Ricette di carta, addio. Dal primo gennaio 2025 tutte le prescrizioni mediche dovranno essere composte e viaggiare solo in formato elettronico. E’ una delle novità dell’ultima legge di bilancio, e in teoria dovrebbe snellire e semplificare tutto il complesso e a volte farraginoso mondo delle prescrizioni mediche. Una piccola rivoluzione, un salto di qualità teorico, che però rischia di schiantarsi contro l’amara realtà. Perché tecnologicamente siamo ancora un paese arretrato, dove molte aree non hanno ancora una copertura elettronica, e dove i malfunzionamenti tecnici sono all’ordine del giorno.
Ma soprattutto dove gli utenti, i cittadini, sono in buona misura degli analfabeti digitali, soprattutto se anziani. “Dematerializzare”, è la parola chiave della rivoluzione che sta partendo.
Come è accaduto per i giornali, che ormai vendono pochissimo in formato cartaceo, e si leggono solo sul computer, se non addirittura sul cellulare.
Ora promettono che presto anche i documenti di riconoscimento, carta di identità, patente, passaporto potranno essere scaricati e controllati con il telefonino.
Ma nel caso delle ricette ci sono altre questioni non di poco conto, che rischiano di far deragliare l’audace progetto della ricetta elettronica.
Ne parliamo con un noto rappresentante della classe medica romana, il Dott. Prof. Antonio Puccetti, professore del Dipartimento di Medicina Sperimentale dell’Università di Genova, con una lunga esperienza negli Stati Uniti, e direttore sanitario del poliambulatorio internazionale “Doctors in Italy”, a Roma, in via Frattina.
“Visito ogni giorno pazienti non italiani attraverso la piattaforma Doctors a cui sono iscritto. Sono persone che si trovano nel nostro paese per lavoro, per motivi di studio o per turismo. Ovviamente non sono iscritti al nostro sistema sanitario. Ma nel modulo per la prescrizione medica è obbligatorio inserire il codice fiscale. Se non lo fai il computer ti dice che devi presentare una ricetta cartacea. Che però è ormai proibita dalla legge finanziaria del 2025 e non accettata nelle farmacie”, continua il dottor Puccetti.
Ma, spiega ancora il professore, il problema riguarda anche gli immigrati, perché “anche se in regola con il lavoro, e titolari di un regolare permesso di soggiorno, possono avere la tessera sanitaria solo dopo quattro, o addirittura sei mesi di attesa”.

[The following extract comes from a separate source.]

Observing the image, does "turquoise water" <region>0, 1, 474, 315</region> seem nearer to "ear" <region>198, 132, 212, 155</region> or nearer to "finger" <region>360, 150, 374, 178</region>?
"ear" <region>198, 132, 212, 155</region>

Insomma, la ricetta elettronica rappresenta sicuramente un progresso, “ma esistono molte criticità che devono essere risolte. Abbiamo addosso gli occhi dell’Europa, che in molti casi hanno già risolto le contraddizioni. Spagna, Portogallo e Grecia hanno dotato ogni medico di un QR code da apporre alla prescrizione medica, per garantirne l’autenticità e permettere di tracciare la prescrizione senza dover inserire il codice fiscale del paziente”, conclude il Prof. Antonio Puccetti.